Talking to someone on an issue concerning medical negligence, I was reminded again of the doctrine of ‘Uberrima Fides’. First explicitly set out almost 300 years ago !
Mostly used in insurance contracts, it is a Latin phrase meaning “utmost good faith” . All parties to an insurance contract must deal in good faith, making a full declaration of all material facts in the insurance proposal.
And is one that may come back to bite someone, at a stage where nothing can be done.

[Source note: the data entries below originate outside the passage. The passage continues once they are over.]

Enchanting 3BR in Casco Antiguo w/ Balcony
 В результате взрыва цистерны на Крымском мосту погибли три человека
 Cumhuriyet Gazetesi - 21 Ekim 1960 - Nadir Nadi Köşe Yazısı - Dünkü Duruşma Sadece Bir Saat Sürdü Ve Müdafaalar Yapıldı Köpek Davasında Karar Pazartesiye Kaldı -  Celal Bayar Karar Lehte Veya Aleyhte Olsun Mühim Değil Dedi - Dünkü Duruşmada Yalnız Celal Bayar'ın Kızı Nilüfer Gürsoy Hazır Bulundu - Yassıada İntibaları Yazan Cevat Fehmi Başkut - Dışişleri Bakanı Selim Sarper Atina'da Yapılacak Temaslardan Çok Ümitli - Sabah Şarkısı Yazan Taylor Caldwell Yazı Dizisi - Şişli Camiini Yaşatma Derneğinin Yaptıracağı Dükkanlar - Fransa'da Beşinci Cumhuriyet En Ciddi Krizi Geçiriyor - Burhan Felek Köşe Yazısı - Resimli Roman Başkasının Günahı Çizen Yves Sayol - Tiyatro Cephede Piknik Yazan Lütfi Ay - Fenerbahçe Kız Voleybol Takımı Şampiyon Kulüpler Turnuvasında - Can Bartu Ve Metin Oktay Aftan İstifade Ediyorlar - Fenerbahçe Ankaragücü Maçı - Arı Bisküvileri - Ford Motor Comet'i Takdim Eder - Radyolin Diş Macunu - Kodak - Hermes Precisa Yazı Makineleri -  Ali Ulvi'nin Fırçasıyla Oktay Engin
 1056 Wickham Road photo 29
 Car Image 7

As was held recently ( Branch Manager Bajaj Allialnze Life Insurance Company vs Dalbir Kaur, CA 3397/2020 ), citing Life Insurance Corporation Vs Asha Goel.
The Hon’ble Supreme Court quoted:
“12…The contracts of insurance including the contract of life assurance are contracts uberrima fides and every fact of material (sic material fact) must be disclosed, otherwise, there is good ground for rescission of the contract. The duty to disclose material facts continues right up to the conclusion of the contract and also implies any material alteration in the character of risk which may take place between the proposal and its acceptance. If there is any misstatements or suppression of material facts, the policy can be called into question. For determination of the question whether there has been suppression of any material facts it may be necessary to also examine whether the suppression relates to a fact which is in the exclusive knowledge of the person intending to take the policy and it could not be ascertained by reasonable enquiry by a prudent person.”
So, generally a good idea not to hide any relevant fact.